I think the way they personify the main characters is really interesting. I mean at first they're just projecting Link's character ("but daddy Link is so lazy and just loves to sleep!") but then they start really letting you see his reactions to things... like going into the dungeon for the first time, or (spoiler) getting to the end of the second dungeon and seeing Zelda and both of them looking so happy... and basically being told by Impa that you're shit at your expected role. Even though it was scripted, when that happened I immediately wished I hadn't futzed around so much trying to find treasure in the middle of the dungeon... like that would have changed something. There's something really nice about how... accessible? (haha) Zelda is too; she's much easier to relate to because you interacted so much with her from the beginning. 

The opening was pretty long and kinda rough but I was having way too much fun to notice I think.

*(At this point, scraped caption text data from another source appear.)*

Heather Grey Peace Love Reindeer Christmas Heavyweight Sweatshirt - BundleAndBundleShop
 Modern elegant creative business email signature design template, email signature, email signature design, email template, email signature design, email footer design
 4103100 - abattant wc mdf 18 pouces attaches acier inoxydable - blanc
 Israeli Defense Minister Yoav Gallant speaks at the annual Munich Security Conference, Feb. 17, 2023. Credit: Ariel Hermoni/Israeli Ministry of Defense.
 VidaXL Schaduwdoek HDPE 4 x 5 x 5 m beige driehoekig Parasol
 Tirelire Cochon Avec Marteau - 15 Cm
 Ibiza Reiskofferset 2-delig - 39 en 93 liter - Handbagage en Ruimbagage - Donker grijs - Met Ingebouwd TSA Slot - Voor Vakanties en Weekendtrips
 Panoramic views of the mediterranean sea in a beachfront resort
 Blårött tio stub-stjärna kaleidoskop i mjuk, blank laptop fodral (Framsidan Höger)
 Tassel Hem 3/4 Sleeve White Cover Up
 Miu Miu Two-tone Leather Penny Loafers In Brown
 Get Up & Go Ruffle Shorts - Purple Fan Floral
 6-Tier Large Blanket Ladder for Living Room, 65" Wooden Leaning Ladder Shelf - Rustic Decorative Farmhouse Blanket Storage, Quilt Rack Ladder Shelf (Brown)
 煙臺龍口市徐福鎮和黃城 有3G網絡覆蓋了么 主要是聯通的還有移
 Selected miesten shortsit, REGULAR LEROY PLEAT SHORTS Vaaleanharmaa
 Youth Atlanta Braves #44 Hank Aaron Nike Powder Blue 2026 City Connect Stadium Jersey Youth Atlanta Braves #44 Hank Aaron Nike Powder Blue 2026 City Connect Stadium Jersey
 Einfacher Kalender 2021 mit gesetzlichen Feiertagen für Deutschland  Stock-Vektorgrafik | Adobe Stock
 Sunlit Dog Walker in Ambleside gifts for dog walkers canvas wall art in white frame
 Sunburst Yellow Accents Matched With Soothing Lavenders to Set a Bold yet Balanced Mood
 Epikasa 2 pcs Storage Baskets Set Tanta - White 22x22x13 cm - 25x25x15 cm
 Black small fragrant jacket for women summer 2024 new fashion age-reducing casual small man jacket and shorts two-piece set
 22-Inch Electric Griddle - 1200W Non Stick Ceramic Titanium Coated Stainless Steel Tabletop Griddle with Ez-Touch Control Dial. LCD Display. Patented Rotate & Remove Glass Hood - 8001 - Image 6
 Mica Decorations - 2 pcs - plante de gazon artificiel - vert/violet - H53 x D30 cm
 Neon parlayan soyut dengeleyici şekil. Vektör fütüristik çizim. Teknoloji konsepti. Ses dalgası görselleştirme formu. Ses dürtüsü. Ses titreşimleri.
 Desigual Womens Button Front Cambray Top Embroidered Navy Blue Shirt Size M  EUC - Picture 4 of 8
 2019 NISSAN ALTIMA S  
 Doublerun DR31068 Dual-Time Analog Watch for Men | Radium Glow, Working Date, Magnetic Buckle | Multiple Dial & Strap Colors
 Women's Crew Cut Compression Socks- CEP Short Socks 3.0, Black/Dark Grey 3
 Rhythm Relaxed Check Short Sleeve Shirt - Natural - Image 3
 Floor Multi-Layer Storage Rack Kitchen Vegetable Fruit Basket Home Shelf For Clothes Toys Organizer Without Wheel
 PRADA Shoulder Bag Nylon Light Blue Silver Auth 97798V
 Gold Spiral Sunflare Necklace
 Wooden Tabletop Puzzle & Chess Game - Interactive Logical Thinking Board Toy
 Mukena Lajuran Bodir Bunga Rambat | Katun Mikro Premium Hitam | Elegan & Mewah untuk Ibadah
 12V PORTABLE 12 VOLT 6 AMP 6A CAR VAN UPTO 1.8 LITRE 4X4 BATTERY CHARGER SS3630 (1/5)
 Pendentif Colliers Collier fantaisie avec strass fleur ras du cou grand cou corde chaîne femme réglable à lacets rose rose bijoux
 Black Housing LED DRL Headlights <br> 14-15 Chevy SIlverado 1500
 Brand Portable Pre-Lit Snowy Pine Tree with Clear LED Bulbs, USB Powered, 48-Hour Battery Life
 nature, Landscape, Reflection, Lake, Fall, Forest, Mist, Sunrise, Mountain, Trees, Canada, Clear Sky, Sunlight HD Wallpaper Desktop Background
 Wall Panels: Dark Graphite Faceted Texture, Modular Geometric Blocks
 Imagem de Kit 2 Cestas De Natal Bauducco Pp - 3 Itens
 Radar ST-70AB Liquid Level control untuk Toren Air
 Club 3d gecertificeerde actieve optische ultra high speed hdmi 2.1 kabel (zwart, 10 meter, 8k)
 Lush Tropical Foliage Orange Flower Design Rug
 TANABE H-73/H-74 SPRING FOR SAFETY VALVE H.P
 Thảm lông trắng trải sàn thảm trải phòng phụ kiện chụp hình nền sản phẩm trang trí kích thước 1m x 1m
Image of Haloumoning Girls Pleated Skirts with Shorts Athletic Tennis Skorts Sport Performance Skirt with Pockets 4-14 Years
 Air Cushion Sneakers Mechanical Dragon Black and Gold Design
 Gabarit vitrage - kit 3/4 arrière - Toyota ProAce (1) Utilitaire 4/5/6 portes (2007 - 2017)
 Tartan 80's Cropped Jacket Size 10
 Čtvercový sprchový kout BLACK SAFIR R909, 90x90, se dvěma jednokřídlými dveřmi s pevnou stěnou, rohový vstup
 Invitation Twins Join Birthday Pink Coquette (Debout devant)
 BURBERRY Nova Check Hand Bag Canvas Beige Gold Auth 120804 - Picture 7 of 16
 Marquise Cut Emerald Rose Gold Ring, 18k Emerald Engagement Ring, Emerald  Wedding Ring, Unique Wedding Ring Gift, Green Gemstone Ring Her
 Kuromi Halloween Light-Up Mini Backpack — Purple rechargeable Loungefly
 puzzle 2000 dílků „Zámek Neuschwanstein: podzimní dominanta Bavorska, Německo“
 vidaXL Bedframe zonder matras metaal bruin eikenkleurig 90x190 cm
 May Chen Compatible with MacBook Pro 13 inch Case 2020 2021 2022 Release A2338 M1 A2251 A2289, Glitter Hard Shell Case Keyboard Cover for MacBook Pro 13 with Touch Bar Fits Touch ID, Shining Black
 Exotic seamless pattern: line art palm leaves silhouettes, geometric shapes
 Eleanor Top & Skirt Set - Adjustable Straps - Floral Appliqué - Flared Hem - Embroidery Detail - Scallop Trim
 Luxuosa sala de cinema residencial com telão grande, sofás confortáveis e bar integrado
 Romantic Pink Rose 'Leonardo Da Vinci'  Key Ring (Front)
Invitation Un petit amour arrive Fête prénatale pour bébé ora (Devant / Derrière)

There's kinks and I have some things about it that I'd nitpick but for the most part I think it's probably one of the most well-rounded games that's come out of Nintendo ever. Boy when Miyamoto said he was aiming for the team to make one of the best Zelda games ever, he really meant it. The care for the game is really there.

OKAY SHUTTING UP NOW AND GOING BACK TO ZELDA :]


----------



## Xenke (Dec 2, 2011)

Ughhhhh, Luigi's Mansion, Zelda Editionnnnnnn


I WANT MY BIG LEAF FAN BACK DAMMIT.


----------



## SirRob (Dec 2, 2011)

Xenke said:


> Ughhhhh, Luigi's Mansion, Zelda Editionnnnnnn
> 
> 
> I WANT MY BIG LEAF FAN BACK DAMMIT.


Luigi sucks, Link blows


----------



## Xenke (Dec 10, 2011)

Dodoh is my favorite person


----------



## Zydala (Dec 10, 2011)

Xenke said:


> Dodoh is my favorite person



Team Groose! >:V

Just finished the game yesterday. aaaahhh my heart I wish it hadn't ended. It was really good. The last battle was difficult enough for me, seeing as the whole game I had been struggling with shield bashing and getting the angle/timing of my sword hits right... felt like the boss was a comprehensive exam on my whole wii experience haha. Oh well ON TO HERO MODE >:]


----------



## CaptainCool (Dec 12, 2011)

im about halfway through now i suppose (shut your face, i know that im slow!) and while the game is REALLY awesome there are two things that really bother me (kinda spoiler alert from here on):
-the EFFING fetchquests (â•¬à² ç›Šà² ) what the actual fuck! you get to a new area, you need an important item... gotta do a fetchquest first. dont even get me started on those in the silent realm... FUCK!
-how gimmicky the game really is. i mean sure, stuff like swinging the sword or the whip work really well. but what is up with the harp? in previous zelda games playing the melodies always felt good. you punched in the notes and you were done. in skyward sword you are just stringing the damn thing back and forth for what feels like 7 centuries... this really puzzles me because the zelda team and nintendo in general always want to avoid tedious things like this but playing the harp feels rushed and more like a last second idea that had to be implemented.
its funny to see fi "sing" during those scenes though... it always just looks like she is screaming her lungs out! XD http://www.youtube.com/watch?v=m9ADFcIJE7U
but even during those cutscenes link is just strumming back and forth, he looks like a thirdgrader who just got hold of a musical instrument for the first time ever XD


----------



## SirRob (Dec 12, 2011)

CaptainCool said:


> -the EFFING fetchquests (â•¬à² ç›Šà² ) what the actual fuck! you get to a new area, you need an important item... gotta do a fetchquest first. dont even get me started on those in the silent realm... FUCK!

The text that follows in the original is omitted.